1日1記事ぐらいな感じでいきたい雑記ブログ

また続き(これで終り)

「どんな言いかたをしたところで、事実そのものとはずれている」というのは、ぼくの言語に対する態度・捉え方です(そう言いつつ「多分正しい」とは思っていますが)。つまり『論理哲学論考』の時のウィトゲンシュタインのような「言語は世界の写像である」という考え方はとらないということです。言語は世界を描写しきることは決してできない。つまりぼくは宇宙を物理法則で説明しきることはできない、と考えています。逆に、数学は言語が世界と完全に一致している、世界そのものなのだと思います(ただしその世界はこの世界とは異なる)。

「ぼくらは言語の普遍的構造に則った上でのみ、考えたり話をしたりすることができる」というのは、そのままですか。いちいち言うほどでもない、言語=ルールなのです。そのルールは明示されないけれども、みなだいたいは把握していて、概ねルールの中でゲームをしている。ちょっとはみ出すと、詩になります。詩はルールの存在を前提にそれを逸脱することで表現を獲得しているわけです。完全にルールを離れてしまうと、あるいは最初からルールなしだと、もうそれは記号なのか絵なのか、悲鳴なのか異言なのか、なにもわからなくなる。
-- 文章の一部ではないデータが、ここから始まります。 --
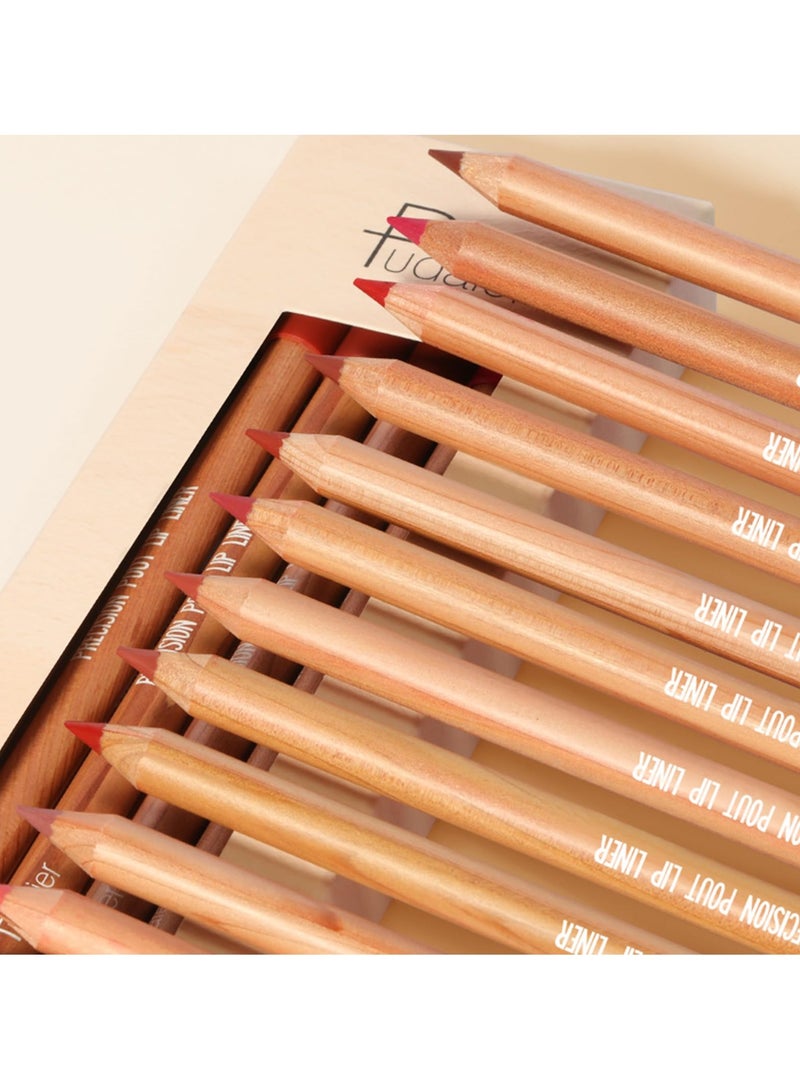 Matte Lip Liner Pencil Set, 12 Colors, High Pigmented, Waterproof, Long Lasting Lipstick Pen, Non Stick Cup Matte Lip Gloss, Smooth Lip Plumper Makeup Gift Set for Women and Girls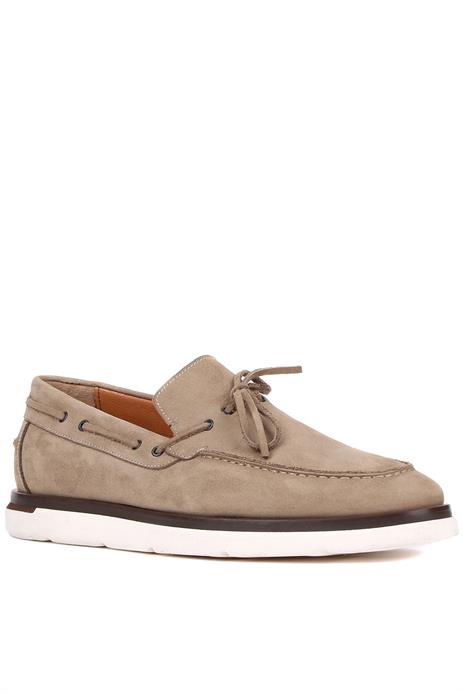 Shoetyle - Bej Nubuk Deri Bağcıklı Erkek Günlük Ayakkabı 250-7512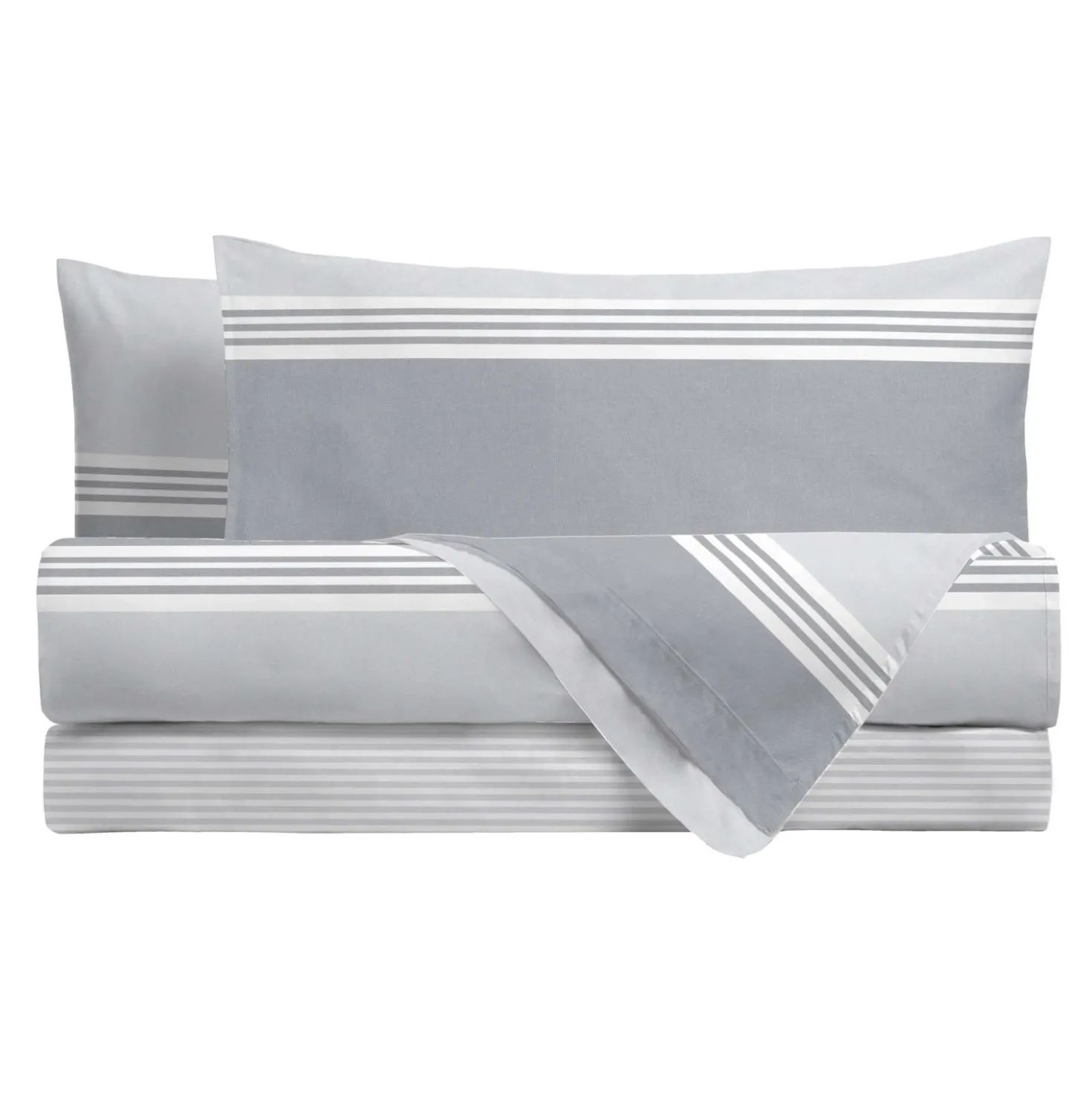 Completo letto singolo stampato geometrico grigio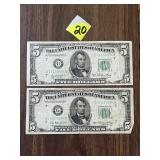 (2) 1950 $5 Reserve Notes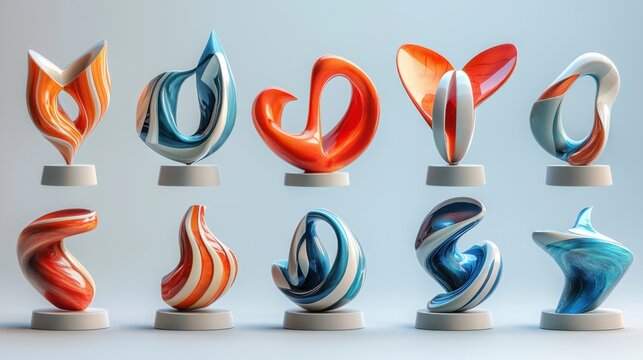 Interconnected Art Forms - Abstract 3D Icons Representing Literature, Music, and Dance Unity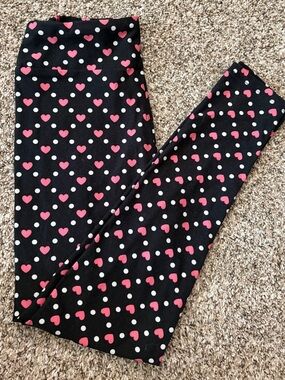 LuLaRoe Black Leggings with Pink Hearts and White Dots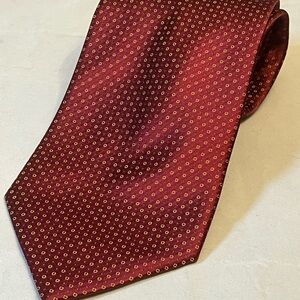 Men's Pantani Deep Red with Gold Dots Silk Tie 58x4"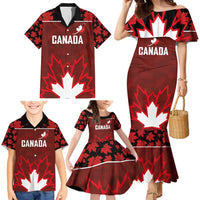 Custom Canadian Rugby Family Matching Mermaid Dress and Hawaiian Shirt Maple Leaves Sporty Art Style Red Color - Wonder Print Shop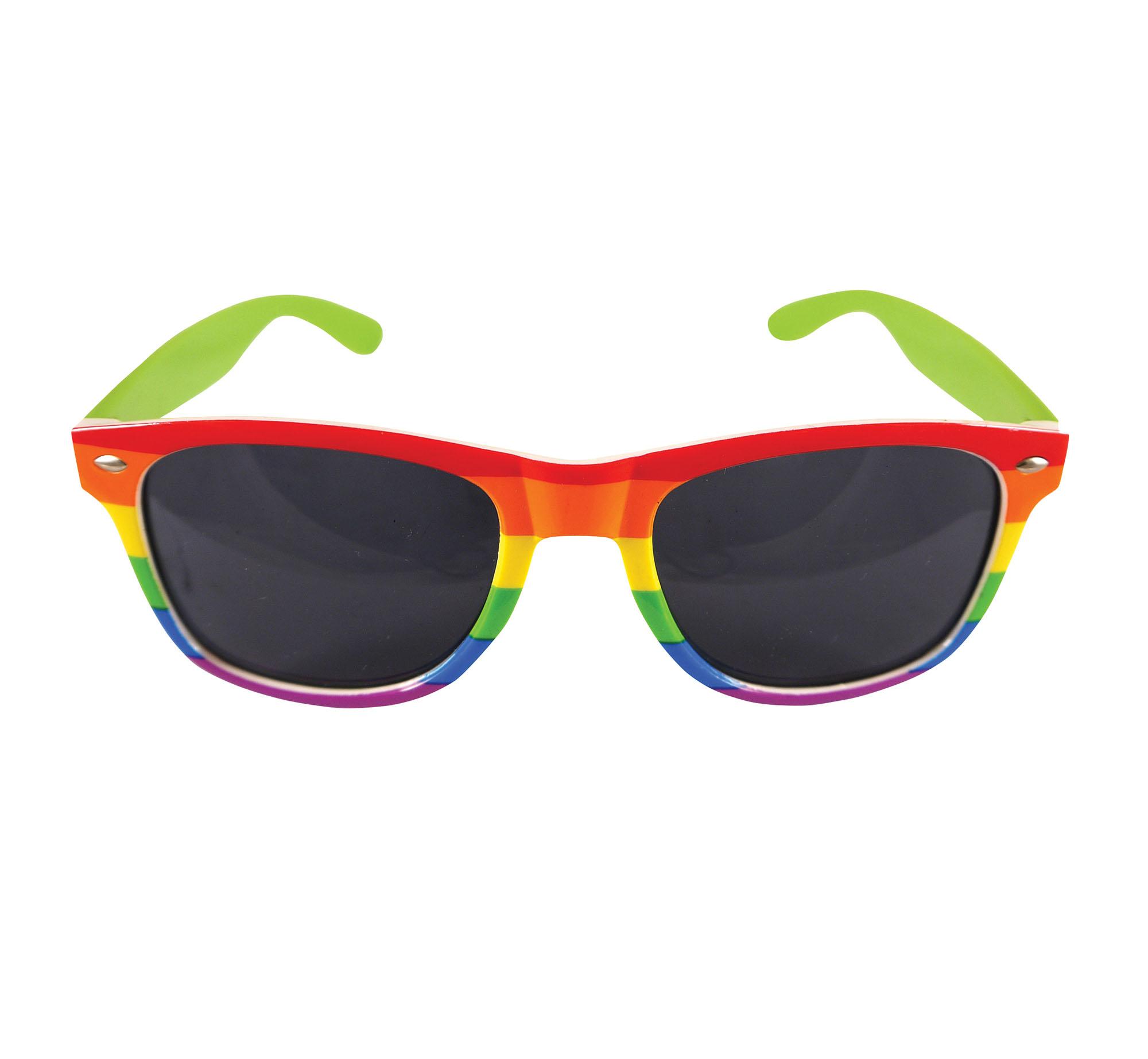Rainbow Glasses Wayfarer Style with Dark Lenses by Forum Novelties 88489 / BA2337 available in the UK here at Karnival Costumes online party shop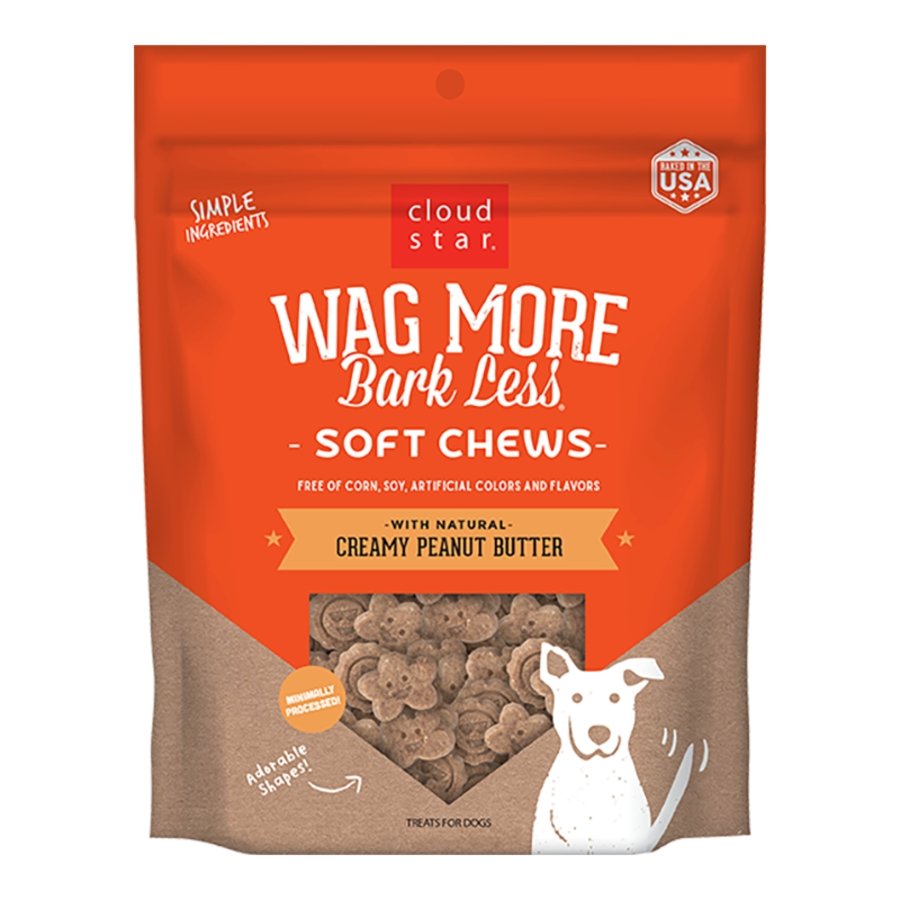Cloud Star Wag More Bark Less Grain Free Soft Chews Dog Treats with Natural Peanut Butter & Apples 20-oz, Kwik Pets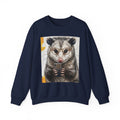 Possum Portrait Sweatshirt – Cute Opossum with Glasses & Phone Crewneck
「言語は一次元的で、一時にただひとつのポイントに着目することを強制し、その副作用として時間の流れや因果関係が発生する」というのは、ルールのある重要な側面について語っています。よく三次元がいい、いや二次元のほうが、みたいな話がされますが、ぼくは言語は一次元的だと考えています(つまりライトノベルは一次元に分類されるのではないかw)。

小説においてあるシーンが描写される時のことを考えてください。たとえばある部屋について。窓があり窓の外があり、ベッドと本棚があり、机と椅子があって、机の上には何が乗っていて、そして彼女はベッドに腰掛けてこちらを見ている。まるで線の上を点が移動していくように、言語ではこれらのことは順番に描かれます。というより、順番に描くことしか言語ではできない(同じことについて言っています)。ところが、世界のほうは、当然ですがこれらのことが一挙に現前している(筒井康隆の『虚人たち』は違いますw)。写真に撮ればすべてが一枚に収まります。ぼくらは世界を一度に"感覚する"。しかし、"識る"ことは順番にしかできないのです。捉えた世界をバラバラに分解し、言語のルールに違反しないように脳内で配列しなおし、うまくハマったものについて「理解した」と言うのです。

オタクとはWikipediaによると「1970年代に日本で発生したサブカルチャーのファン集団の総称。独特の行動様式、文化を持つとされる」とあります。ところで、人と会話しているとよく発生するパターンにこんなものがあるはずです。「オタクというのは独特の行動様式や文化を持っているよね」と言うと「いや、独特の行動様式や文化を持っているからこそ、オタクって呼ばれるんじゃないの?」と。思い当たりますよね。これらは同じことについて語っています。でも、どちらでもない、これはどちらが原因でどちらが結果という話ではないのです。ただ、言語の制約上、一次元的に、どちらかを先、どちらかを後に語るしかない。そのことによって、その組み合わせが本来持っているのではない何らかの関連性があるように見えたり、因果関係に見えてしまったりすることがあるということです。

それらは世界の法則ではない。言語の法則なのです。

世界は一度に現前し、常に全体が変化し続けている。ただぼくらがそれを理解するとき/表現するときはもう言語のルールにガチガチに押し込められたカタチになってしまっている/そうするしかないわけです(そのために「ほんとはこうじゃないのに!」とうまく書けないもどかしさにいっつもヤキモキさせられるのですw)。ぼくらの社会にはきっと、まるで関係なかったりはじめから因果関係もないものについてああだこうだと議論しているようなことが、おそらく大量にあるのです。だから、坐禅や瞑想では「内部の言葉を止める」ことを重視するのでしょうね。そのことによって、言語のフィルタを通さずに世界を一挙に把握できる可能性が見えてくるわけです。


エントリの最後の節は、まぁ解説いらないですかね…。ここまでわりと頑張って?書いてみました。最近「どうせ伝わらないよなぁ」という思いに負けそうになることが多いので頑張らないと書けないのですw 伝わるとうれしいですよね。で、伝えたいとか、伝わるとうれしいとか、ここのところは言語とは多分関係ない話で、また別の不思議についてのことです。